Regulators have ordered Sunwest Bank in Tustin, Calif., to improve its compliance with the Bank Secrecy Act.

Last week, the Federal Deposit Insurance Corp. disclosed the Jan. 21 consent order that it, along with the California Department of Financial Institutions, issued to the $617 million-asset bank. The order will hamstring the at-times aggressive acquirer from buying anything for now.

The order gives Sunwest 90 days to comply with all BSA rules and regulations and gives it 60 days to correct any violations that were found in the bank's 2009 and 2010 examinations. It also calls for the bank to review its staffing needs to make sure adequate resources are devoted to BSA compliance.

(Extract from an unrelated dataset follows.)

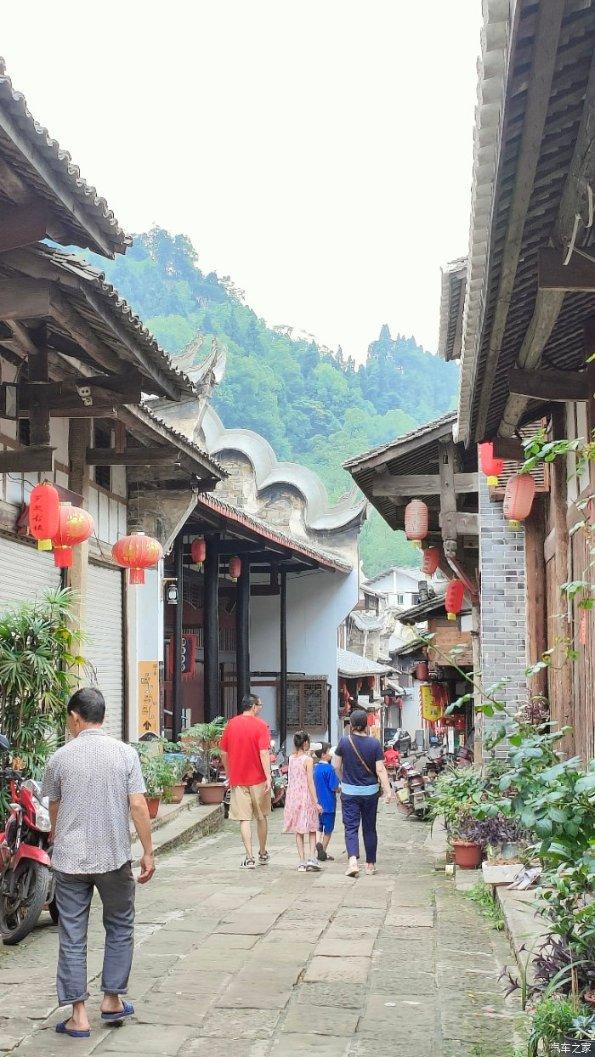 中国GPU芯片独角兽“壁仞科技”联合创始人徐凌杰离职，公司已融资超50亿元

In an interview Monday, Glenn Gray, the bank's chief executive and one of American Banker's 2010 Community Banker of the Year recipients, said that the problems stem from the bank's suspicious activity reporting.

"Within our core bank, we were not completing our SARs as accurately as we should have been. We picked up three failed banks and as we were getting our arms around them we should have addressed BSA and made sure things were consistent across all four banks," Gray said. "We didn't do that and so the regulators were correct in finding errors that were out there."

Gray said the bank has or is in the process of upgrading its anti-money laundering software, improving employee training and tightening policies and procedures.

Unlike most consent orders of the last several years, Sunwest's doesn't include any capital requirements. The bank was exceedingly well capitalized at Dec. 31, with a total risk-based capital ratio of 17.53%.

The order, however, does prevent the bank from any further acquisitions — for either failed or traditional deals — so long as it is in place.